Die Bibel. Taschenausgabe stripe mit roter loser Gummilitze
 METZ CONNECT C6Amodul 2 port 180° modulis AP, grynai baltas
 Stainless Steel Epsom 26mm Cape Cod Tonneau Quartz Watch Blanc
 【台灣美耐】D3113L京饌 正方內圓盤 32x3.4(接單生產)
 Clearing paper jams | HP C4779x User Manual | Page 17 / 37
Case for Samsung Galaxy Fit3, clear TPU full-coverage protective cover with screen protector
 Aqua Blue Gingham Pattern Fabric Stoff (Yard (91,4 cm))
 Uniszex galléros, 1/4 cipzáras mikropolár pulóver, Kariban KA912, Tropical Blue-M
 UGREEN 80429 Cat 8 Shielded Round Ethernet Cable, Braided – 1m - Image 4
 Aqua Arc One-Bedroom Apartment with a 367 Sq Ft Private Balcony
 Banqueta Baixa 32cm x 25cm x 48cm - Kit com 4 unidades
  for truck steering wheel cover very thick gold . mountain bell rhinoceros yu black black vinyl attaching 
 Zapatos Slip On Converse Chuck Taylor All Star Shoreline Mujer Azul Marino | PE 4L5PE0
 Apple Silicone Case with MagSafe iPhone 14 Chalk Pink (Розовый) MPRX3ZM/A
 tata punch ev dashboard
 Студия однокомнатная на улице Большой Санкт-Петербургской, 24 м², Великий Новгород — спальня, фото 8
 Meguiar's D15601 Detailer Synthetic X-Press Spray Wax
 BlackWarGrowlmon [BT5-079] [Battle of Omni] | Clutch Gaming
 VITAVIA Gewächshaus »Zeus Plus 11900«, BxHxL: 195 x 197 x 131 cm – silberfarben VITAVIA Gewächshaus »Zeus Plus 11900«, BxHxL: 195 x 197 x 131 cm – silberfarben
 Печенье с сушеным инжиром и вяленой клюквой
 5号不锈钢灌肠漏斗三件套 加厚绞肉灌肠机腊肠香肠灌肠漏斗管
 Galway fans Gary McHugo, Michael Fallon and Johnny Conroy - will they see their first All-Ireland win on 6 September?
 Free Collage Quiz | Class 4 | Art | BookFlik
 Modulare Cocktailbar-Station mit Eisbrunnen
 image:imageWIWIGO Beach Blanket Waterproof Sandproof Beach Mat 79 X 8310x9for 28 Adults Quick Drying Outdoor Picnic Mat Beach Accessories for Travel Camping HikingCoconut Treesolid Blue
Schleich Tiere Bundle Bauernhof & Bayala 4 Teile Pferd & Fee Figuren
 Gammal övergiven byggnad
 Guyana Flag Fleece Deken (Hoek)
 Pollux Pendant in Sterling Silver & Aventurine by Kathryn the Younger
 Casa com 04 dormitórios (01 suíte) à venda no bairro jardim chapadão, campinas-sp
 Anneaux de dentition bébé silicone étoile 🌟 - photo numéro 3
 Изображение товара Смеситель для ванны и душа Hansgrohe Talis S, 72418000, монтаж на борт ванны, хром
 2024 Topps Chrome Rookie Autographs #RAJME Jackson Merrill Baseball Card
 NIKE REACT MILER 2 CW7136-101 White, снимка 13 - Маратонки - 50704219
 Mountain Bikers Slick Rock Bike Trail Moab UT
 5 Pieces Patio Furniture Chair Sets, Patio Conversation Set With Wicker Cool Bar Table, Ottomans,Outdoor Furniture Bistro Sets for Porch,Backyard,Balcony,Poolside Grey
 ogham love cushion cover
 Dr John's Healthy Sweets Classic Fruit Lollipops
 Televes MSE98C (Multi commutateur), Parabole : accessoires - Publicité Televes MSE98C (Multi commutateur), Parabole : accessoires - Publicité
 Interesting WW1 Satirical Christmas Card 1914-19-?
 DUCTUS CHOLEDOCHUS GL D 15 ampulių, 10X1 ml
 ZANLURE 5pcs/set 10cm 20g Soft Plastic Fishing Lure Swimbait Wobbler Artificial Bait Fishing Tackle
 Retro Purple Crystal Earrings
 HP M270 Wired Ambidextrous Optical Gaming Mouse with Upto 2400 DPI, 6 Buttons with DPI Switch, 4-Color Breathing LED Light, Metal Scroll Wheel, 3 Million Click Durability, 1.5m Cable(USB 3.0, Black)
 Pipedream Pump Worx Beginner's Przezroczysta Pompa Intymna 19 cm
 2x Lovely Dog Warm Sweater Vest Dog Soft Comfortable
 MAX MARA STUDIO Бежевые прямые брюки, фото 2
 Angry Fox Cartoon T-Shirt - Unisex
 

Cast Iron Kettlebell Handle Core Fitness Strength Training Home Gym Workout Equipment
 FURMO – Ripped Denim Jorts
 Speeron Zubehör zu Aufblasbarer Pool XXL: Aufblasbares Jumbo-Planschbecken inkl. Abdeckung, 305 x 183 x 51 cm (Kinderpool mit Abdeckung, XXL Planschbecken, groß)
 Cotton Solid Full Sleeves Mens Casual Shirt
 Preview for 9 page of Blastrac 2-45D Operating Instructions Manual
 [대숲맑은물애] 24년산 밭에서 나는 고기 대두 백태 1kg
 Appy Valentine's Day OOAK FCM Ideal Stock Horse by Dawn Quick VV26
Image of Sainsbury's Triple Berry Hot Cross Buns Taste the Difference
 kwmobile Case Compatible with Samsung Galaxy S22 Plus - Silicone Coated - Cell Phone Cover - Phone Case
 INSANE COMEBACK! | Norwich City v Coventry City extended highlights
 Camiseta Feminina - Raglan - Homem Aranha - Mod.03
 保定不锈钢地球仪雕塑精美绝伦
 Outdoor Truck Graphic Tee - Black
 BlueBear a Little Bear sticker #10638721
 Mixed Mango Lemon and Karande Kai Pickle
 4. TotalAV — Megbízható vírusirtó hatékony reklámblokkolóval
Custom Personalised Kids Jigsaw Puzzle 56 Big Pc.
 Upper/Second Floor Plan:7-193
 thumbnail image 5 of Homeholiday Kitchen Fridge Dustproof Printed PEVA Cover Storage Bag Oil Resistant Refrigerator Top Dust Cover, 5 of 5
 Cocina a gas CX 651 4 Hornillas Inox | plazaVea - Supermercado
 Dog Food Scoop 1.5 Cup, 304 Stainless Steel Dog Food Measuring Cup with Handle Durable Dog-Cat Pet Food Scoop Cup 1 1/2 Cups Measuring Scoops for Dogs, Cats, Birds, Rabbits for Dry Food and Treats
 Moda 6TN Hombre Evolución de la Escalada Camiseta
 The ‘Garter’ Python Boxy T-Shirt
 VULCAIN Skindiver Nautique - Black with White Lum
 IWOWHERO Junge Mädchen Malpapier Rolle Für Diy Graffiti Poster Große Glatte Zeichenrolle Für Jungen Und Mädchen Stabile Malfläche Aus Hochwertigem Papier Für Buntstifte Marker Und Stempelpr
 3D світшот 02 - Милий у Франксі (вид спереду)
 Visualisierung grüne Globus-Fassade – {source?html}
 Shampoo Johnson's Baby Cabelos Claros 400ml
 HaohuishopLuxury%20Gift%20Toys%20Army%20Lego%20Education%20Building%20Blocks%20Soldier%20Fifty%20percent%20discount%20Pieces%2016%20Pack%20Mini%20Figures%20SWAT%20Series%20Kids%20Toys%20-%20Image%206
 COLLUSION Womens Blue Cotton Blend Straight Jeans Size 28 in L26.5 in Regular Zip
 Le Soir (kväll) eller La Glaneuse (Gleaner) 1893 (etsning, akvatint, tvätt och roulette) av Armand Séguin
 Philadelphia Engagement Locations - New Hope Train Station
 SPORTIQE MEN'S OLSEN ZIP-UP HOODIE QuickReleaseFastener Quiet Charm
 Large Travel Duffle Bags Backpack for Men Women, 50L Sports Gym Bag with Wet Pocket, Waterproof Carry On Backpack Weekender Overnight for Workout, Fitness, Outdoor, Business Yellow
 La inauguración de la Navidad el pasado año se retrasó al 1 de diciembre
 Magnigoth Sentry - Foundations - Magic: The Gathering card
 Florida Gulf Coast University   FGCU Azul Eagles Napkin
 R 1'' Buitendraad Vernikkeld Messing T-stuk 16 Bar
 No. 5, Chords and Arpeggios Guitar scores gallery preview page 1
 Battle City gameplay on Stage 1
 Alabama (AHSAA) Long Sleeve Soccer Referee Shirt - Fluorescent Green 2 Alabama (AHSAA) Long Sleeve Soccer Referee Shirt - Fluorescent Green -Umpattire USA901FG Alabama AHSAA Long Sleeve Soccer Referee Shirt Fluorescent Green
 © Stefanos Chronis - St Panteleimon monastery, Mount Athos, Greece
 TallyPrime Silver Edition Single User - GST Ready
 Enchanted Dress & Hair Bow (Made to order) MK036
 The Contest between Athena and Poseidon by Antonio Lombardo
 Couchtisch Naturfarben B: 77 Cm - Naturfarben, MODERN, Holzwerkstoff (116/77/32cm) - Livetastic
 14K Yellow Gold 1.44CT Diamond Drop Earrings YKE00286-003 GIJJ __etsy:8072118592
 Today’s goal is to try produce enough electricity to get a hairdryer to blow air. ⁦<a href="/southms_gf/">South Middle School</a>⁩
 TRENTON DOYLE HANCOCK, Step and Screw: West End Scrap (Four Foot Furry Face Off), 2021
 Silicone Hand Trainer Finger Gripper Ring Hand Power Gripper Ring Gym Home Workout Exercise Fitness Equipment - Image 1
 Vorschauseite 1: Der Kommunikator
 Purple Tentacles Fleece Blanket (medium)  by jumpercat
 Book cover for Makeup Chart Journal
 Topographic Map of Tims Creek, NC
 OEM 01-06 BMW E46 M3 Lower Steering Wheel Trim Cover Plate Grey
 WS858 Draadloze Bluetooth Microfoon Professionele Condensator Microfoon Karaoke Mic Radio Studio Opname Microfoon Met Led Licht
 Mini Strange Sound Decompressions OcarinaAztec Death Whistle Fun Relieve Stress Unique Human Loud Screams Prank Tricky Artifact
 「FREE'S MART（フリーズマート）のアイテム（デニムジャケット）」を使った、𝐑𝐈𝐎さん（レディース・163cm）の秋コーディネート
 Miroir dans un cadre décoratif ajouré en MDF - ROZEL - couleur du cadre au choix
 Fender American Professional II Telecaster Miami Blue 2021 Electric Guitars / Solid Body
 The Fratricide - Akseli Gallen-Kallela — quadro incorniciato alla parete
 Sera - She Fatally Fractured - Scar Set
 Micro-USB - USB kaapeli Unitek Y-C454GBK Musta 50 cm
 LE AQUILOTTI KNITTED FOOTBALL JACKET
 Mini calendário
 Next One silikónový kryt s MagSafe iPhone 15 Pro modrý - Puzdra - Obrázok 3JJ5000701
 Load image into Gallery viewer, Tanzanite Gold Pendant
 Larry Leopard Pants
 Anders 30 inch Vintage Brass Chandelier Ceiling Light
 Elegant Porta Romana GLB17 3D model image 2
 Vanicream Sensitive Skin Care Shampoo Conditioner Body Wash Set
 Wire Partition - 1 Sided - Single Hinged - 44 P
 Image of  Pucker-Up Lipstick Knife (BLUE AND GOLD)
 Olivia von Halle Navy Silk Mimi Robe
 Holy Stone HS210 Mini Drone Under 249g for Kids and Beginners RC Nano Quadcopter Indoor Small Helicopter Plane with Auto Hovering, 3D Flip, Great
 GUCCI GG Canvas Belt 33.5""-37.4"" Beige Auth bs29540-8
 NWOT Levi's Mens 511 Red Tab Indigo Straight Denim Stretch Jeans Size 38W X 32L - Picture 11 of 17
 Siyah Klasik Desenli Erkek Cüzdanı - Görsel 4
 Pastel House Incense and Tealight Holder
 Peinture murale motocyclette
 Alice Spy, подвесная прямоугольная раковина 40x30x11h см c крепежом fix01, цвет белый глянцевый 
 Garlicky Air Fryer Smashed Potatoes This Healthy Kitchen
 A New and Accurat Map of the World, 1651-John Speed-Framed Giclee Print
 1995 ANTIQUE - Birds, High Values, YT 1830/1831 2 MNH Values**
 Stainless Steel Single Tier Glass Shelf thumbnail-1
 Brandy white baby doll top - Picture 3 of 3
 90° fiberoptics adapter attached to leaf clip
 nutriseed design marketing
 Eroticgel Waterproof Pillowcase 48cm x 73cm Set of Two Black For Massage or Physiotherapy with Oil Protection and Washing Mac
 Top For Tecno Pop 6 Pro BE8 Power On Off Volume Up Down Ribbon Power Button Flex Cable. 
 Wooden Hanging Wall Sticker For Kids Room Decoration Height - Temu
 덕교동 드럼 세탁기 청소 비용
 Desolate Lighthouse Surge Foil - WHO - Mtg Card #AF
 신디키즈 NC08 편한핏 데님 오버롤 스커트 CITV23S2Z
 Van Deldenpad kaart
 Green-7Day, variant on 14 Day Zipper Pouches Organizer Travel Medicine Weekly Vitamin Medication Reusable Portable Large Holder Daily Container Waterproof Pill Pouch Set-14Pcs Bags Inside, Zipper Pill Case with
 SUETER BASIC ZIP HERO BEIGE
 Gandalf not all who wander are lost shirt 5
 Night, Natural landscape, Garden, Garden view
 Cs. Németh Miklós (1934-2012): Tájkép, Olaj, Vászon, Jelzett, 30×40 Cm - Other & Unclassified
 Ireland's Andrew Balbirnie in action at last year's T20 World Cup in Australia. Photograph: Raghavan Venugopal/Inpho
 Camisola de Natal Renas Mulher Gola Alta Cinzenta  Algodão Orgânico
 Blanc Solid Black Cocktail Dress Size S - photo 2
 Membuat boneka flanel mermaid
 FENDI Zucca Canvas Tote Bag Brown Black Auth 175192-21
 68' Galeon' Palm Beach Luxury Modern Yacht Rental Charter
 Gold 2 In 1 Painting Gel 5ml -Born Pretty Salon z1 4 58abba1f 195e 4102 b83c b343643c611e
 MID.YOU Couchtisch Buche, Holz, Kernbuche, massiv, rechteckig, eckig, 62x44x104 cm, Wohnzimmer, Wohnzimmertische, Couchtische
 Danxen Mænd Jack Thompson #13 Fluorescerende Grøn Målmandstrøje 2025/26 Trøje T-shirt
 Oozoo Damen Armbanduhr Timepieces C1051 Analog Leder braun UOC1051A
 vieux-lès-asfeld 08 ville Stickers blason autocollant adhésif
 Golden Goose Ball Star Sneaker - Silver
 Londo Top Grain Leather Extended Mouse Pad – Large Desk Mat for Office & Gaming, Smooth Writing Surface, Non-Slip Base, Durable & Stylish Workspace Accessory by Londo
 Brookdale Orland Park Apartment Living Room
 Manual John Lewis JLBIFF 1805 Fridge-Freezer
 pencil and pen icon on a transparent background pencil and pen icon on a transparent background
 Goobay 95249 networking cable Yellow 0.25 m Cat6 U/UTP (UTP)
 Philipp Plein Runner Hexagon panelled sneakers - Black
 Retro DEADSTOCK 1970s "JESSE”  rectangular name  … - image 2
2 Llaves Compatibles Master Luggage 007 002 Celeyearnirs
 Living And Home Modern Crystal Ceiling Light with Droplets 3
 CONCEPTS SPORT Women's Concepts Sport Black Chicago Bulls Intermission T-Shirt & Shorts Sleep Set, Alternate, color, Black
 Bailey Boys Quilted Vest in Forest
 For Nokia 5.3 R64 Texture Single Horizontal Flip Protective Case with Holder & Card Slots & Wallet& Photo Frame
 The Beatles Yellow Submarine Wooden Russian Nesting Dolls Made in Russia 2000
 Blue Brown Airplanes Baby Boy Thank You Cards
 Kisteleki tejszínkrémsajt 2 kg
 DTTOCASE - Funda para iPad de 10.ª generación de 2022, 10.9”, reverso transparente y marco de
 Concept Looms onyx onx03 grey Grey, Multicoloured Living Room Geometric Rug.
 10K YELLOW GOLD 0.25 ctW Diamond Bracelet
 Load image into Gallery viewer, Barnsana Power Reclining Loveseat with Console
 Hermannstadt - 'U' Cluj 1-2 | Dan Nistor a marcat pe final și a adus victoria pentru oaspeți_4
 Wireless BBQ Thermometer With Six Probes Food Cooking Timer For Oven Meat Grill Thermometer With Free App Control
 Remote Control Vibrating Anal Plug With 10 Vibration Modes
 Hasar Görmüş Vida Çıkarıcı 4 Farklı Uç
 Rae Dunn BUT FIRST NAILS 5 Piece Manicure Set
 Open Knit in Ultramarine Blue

→ **The task**: Of the lines above, extract only those from the line with "[대숲맑은물애] 24년산 밭에서 나는 고기 대두 백태 1kg" to the line with "Mixed Mango Lemon and Karande Kai Pickle", both included, exactly as written.

→ **Written reply**:
 [대숲맑은물애] 24년산 밭에서 나는 고기 대두 백태 1kg
 Appy Valentine's Day OOAK FCM Ideal Stock Horse by Dawn Quick VV26
Image of Sainsbury's Triple Berry Hot Cross Buns Taste the Difference
 kwmobile Case Compatible with Samsung Galaxy S22 Plus - Silicone Coated - Cell Phone Cover - Phone Case
 INSANE COMEBACK! | Norwich City v Coventry City extended highlights
 Camiseta Feminina - Raglan - Homem Aranha - Mod.03
 保定不锈钢地球仪雕塑精美绝伦
 Outdoor Truck Graphic Tee - Black
 BlueBear a Little Bear sticker #10638721
 Mixed Mango Lemon and Karande Kai Pickle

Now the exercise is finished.